I'm very happy in my marriage, and the one thing age has taught me is to never participate in a dispute I have no chance of winning.

OP states married for 1 year which has been 'tough'. Mom has cared for son for around 20 years.
Husband will likely choose mom who loved and cared for him 20 years over wife who has given him 1 'tough' year.

Only chance OP has is to up the stakes of the game by getting pregnant.


----------



## Blh547 (Sep 16, 2021)

ElwoodPDowd said:


> I'm very happy in my marriage, and the one thing age has taught me is to never participate in a dispute I have no chance of winning.
> 
> OP states married for 1 year which has been 'tough'. Mom has cared for son for around 20 years.
> Husband will likely choose mom who loved and cared for him 20 years over wife who has given him 1 'tough' year.
> ...


You appear to be a very unhealthy individual. No where in my post have I stated that I was the reason for the tough year. Nor do you know anything about what my husbands family relationships and upbringing were like. You are assuming a lot of things and giving very poor advice which could be read by people who are vulnerable or impressionable for a variety of reasons.
The pregnancy comment is disgusting.


----------



## Mr. Nail (Apr 26, 2011)

The one thing I would never do is take a cat on a 7 hour car trip.


----------



## GC1234 (Apr 15, 2020)

Blh547 said:


> Hey guys. I’m new here but I’m dealing with some big frustrations.
> My husband and I have been married for just over one year now. It’s been a tough first year with the pandemic and everything already. His mom has always been a bit stubborn and persistent but very nice to me and when she was in better health it didn’t affect me as much. I should add that she is fairly young but has Parkinson’s and in the last 6 months it has gotten a lot worse.
> The big frustrations started during our wedding planning. I think this is common but here’s what happened… she was very opinionated and wanted things we didn’t etc… we actually dealt with this ok. But then the pandemic happened and to keep this shorter I will just say that we had to continue with the legal part and decided we would plan a proper wedding with guests when restrictions were lifted. We wanted to sign the papers alone and then celebrate with everyone when we could. She flat out said no and was very manipulative. Telling my husband about how she’s getting old, he doesn’t love her, blah blah blah. We ended up having them there (and none of my family as they live close and travel wasn’t possible for my family). Sure, I dealt with it even though it felt very strange and one sided. But on top of that we asked that there be no celebrations planned or presents. Besides the legal part which we sort of had to do, we wanted to save everything for a wedding with everyone that felt as normal as possible. But then she went ahead and planned a dinner/ evening involving some of my husbands family members who came from out of town for it and even a couple of her friends who aren’t even related (and also came from out of town). And there were presents.
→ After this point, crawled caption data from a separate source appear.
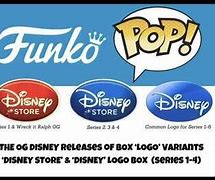 Image result for Disney Store Logo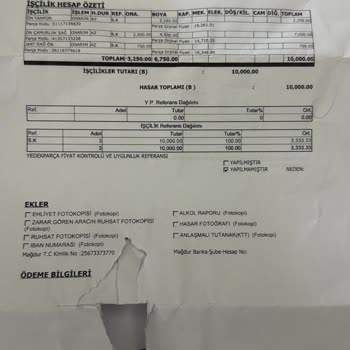 Araç Kiralama Firmasında Haksız İcra Takibi Ve Şişirilmiş Hasar Bedeli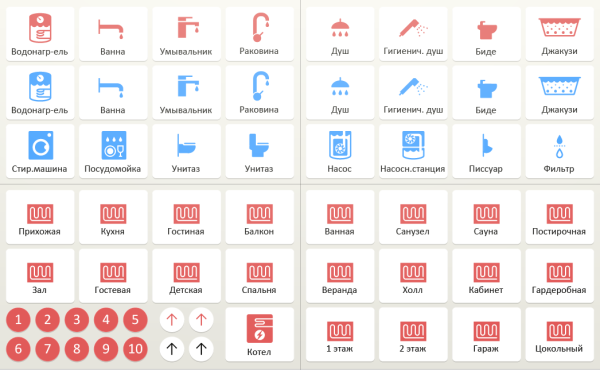 Наклейки для маркировки труб водоснабжения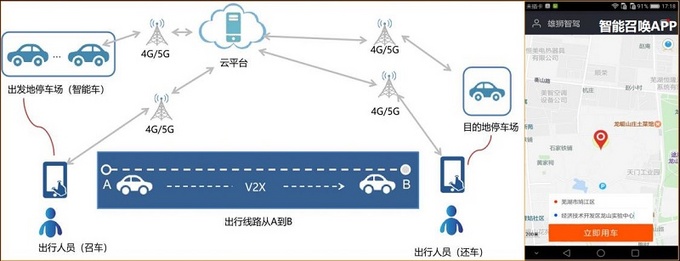 玩转智能驾驶黑科技 捷途X95都有哪些套路-图4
This made me feel disrespected because it was all exactly what I didn’t want and I ended up feeling hurt that it felt like I had a little wedding without anyone there for me.
> SO now, my husband is finishing up his university program which has been very demanding and requires most of his time. We haven’t had a lot of time together and we haven’t been anywhere together for a weekend or anything in over a year. It’s been hard but we’ve just been looking forward to when he’s done/has some time to get some romance in. On top of his very demanding work and school this summer his mother has had two falls resulting in two emergency surgeries. One was a hip replacement. We tried to talk to her about walking on the stairs before this but she was too stubborn and wouldn’t listen. Now even after this whole ordeal she is still walking the stairs which is a huge risk and she won’t listen. It’s causing a lot of stress and she requires a lot of help. The problem is, she is still in her 50s, and it seems there’s no way to force her. Now next month for the first time in forever my husband will have a week or so where he will be free. We had tossed out the idea of a getaway but didn’t plan anything.
> ...


My husband is just like yours...has no guts when it comes to laying down a boundary with their side of the family. It seems like your mother in law needs to learn a lesson, and so does your husband. Either you both DON'T go on her planned vacation, or he can go without you. You're not expected to go anywhere with them. Plan your couple vacation, as you have the right to do. DO NOT cave or give in to his or her pleas to go on this family vacation. She'll probably dislike you for it I'm sure, but stay above all that. Don't even be angry at your husband for going if he chooses to go, so long as he is not angry with you for not going. 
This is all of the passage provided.